If you follow this blog (and you should :), it was pretty obvious that I was at the FocusOn Learning conference in San Diego last week (previous 2 posts were mindmaps of the keynotes). And it was fun as always. Here are my reflections on what happened a bit more, as an exercise in meta-learning.
There were three themes to the conference: mobile, games, and video. I’m pretty active in the first two (two books on the former, one on the latter), and the last is related to things I care and talk about. The focus led to some interesting outcomes: some folks were very interested in just one of the topics, while others were looking a bit more broadly. Whether that’s good or not depends on your perspective, I guess.
Mobile was present, happily, and continues to evolve. People are still talking about courses on a phone, but more folks were talking about extending the learning. Some of it was pretty dumb – just content or flash cards as learning augmentation – but there were interesting applications. Importantly, there was a growing awareness about performance support as a sensible approach. It’s nice to see the field mature.
For games, there were positive and negative signs. The good news is that games are being more fully understood in terms of their role in learning, e.g. deep practice. The bad news is that there’s still a lot of interest in gamification without a concomitant awareness of the important distinctions. Tarting up drill-and-kill with PBL (points, badges, and leaderboards; the new acronym apparently) isn’t worth significant interest! We know how to drill things that must be, but our focus should be on intrinsic interest.
As a side note, the demise of Flash has left us without a good game development environment. Flash is both a development environment and a delivery platform. As a development environment Flash had a low learning threshold, and yet could be used to build complex games. As a delivery platform, however, it’s woefully insecure (so much so that it’s been proscribed in most browsers). The fact that Adobe couldn’t be bothered to generate acceptable HTML5 out of the development environment, and let it languish, leaves the market open for another accessible tool. And Unity or Unreal provide good support (as I understand it), but still require coding. So we’re not at an easily accessible place. Oh, for HyperCard!
Most of the video interest was either in technical issues (how to get quality and/or on the cheap), but a lot of interest was also in interactive video.
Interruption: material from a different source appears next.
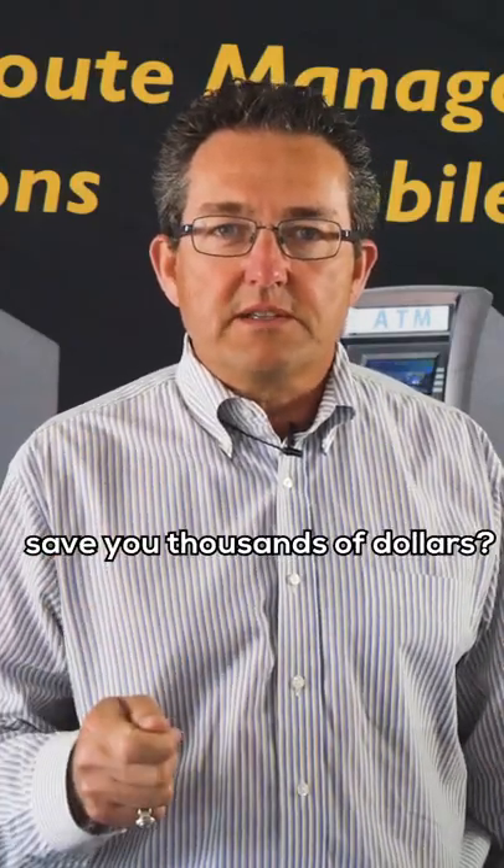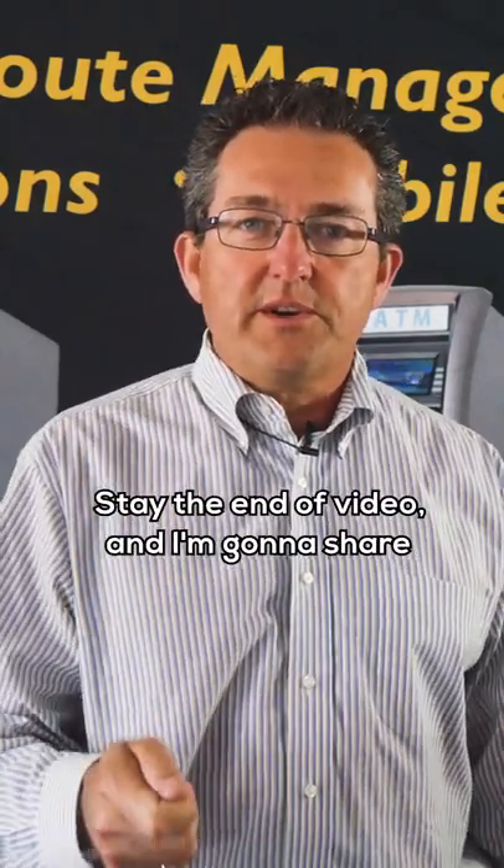There are ATM tips for beginners that'll save you thousands of dollars. Stay to the end of the video and I'm going to show you what those are.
I think branching video is a real powerful learning environment for contextualized decision making. As a consequence the advent of tools that make it easier is to be lauded. An interesting session with the wise Joe Ganci (@elearningjoe) and a GoAnimate guy talked about when to use video versus animation, which largely seemed to reflect my view (confirmation bias ;) that it’s about whether you want more context (video) or concept (animation). Of course, it was also about the cost of production and the need for fidelity (video more than animation in both cases).
There was a lot of interest in VR, which crossed over between video and games. Which is interesting because it’s not inherently tied to games or video! In short, it’s a delivery technology. You can do branching scenarios, full game engine delivery, or just video in VR. The visuals can be generated as video or from digital models. There was some awareness, e.g. fun was made of the idea of presenting powerpoint in VR (just like 2nd Life ;).
I did an ecosystem presentation that contextualized all three (video, games, mobile) in the bigger picture, and also drew upon their cognitive and then L&D roles. I also deconstructed the game Fluxx (a really fun game with an interesting ‘twist’). Overall, it was a good conference (and nice to be in San Diego, one of my ‘homes’).